--- What you are asked to do ---
Task for the records below: copy exactly from the first line on, stopping once the line with "Buy stock photo" is copied, and leave out the pictures.

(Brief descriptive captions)
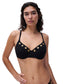 Top bikini negro tachuelas con aro cobertura completa Chantelle - flanesyfresones
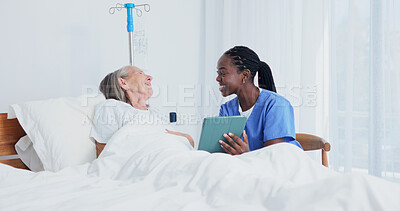 Buy stock photo Old woman, nurse and happy with tablet at hospital bed for healing, discharge news or test results. Senior patient, health worker and tech in geriatric ward for surgery recovery, hope or release info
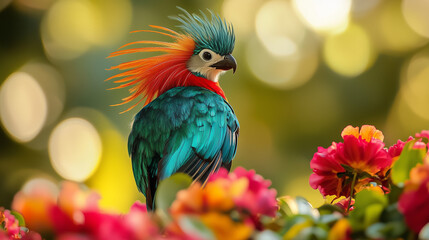 Obraz premium Brilliant Quetzal bird, standing among colorful flowers in a tropical forest, Ai generated images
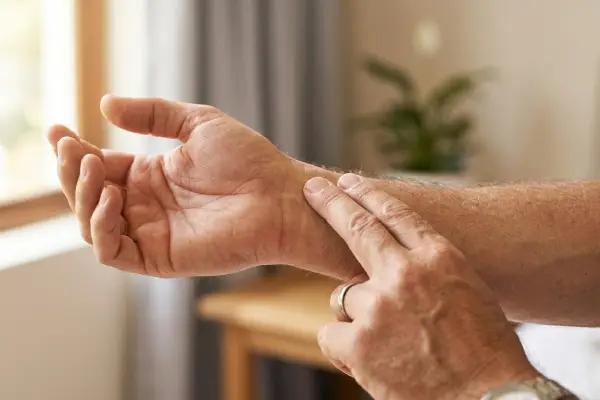 Person checking resting heart rate by measuring pulse on wrist in the morning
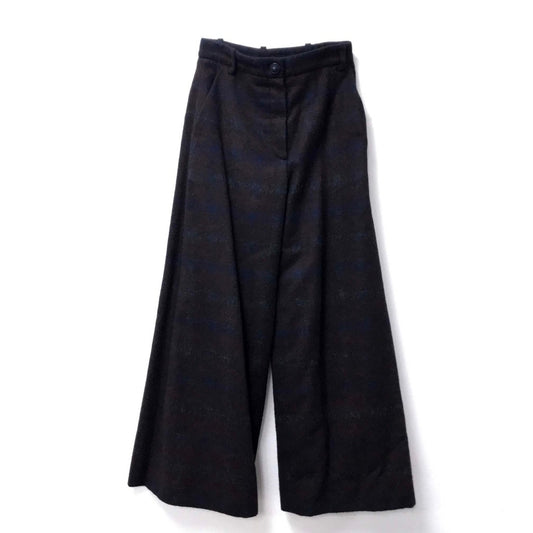 CHANEL Flannel Wide-leg Pants, Size 15B, Women's, Bordeaux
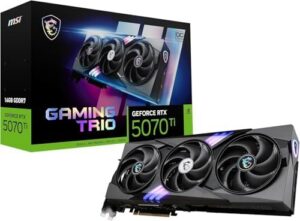 MSI NVIDIA GeForce RTX 5070 Ti 16G Gaming Trio OC Plus Graphics Card Gaming GDDR7 256 Bits, Boost Frequency up to 2580MHz, PCIe Gen 5, DLSS 4, DP 2.1 x 3, HDMI 2.1 x 1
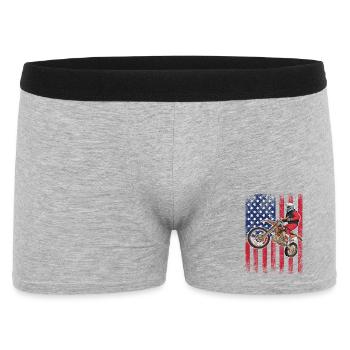 Drapeau américain du vélo de cross, - Boxer Homme - gris chiné - Devant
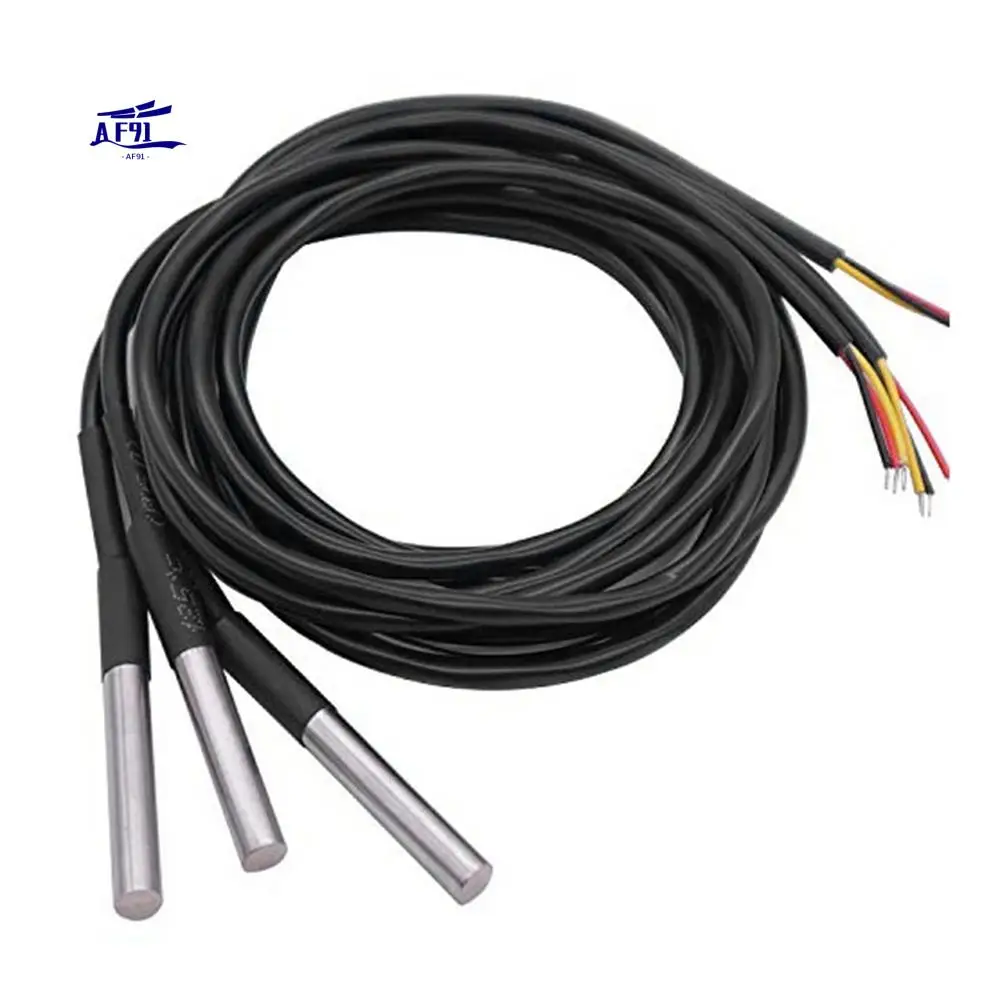 

AF91-4Pcs DS18B20 Водонепроницаемые датчики температуры Длина 1 м Цифровой термодатчик из нержавеющей стали Контроллер температуры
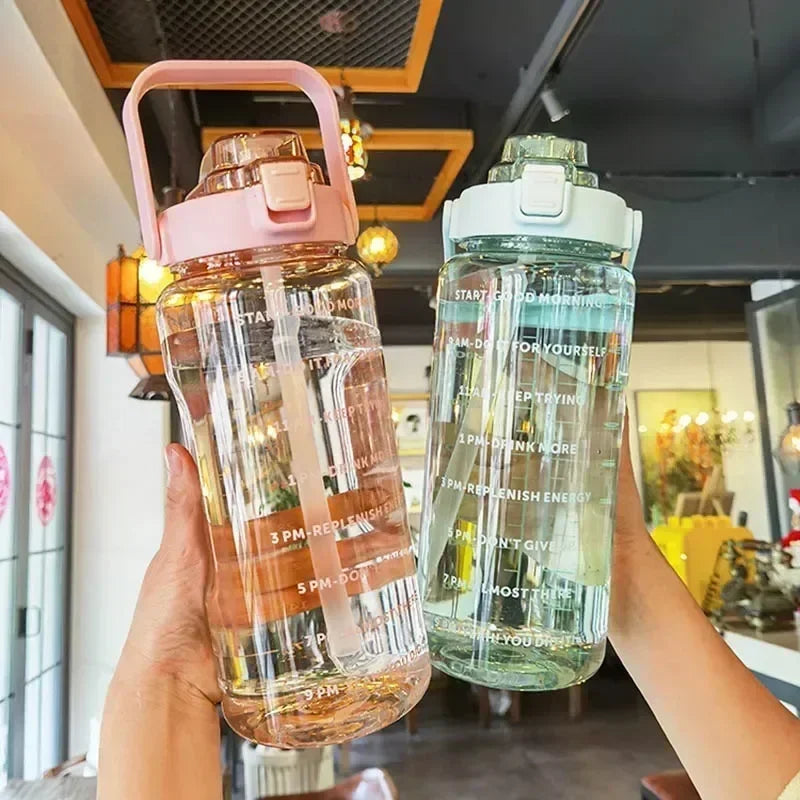 2L Sports Water Bottle with Straw & Time Marker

--- Task answer ---
 Top bikini negro tachuelas con aro cobertura completa Chantelle - flanesyfresones
 Buy stock photo Old woman, nurse and happy with tablet at hospital bed for healing, discharge news or test results. Senior patient, health worker and tech in geriatric ward for surgery recovery, hope or release info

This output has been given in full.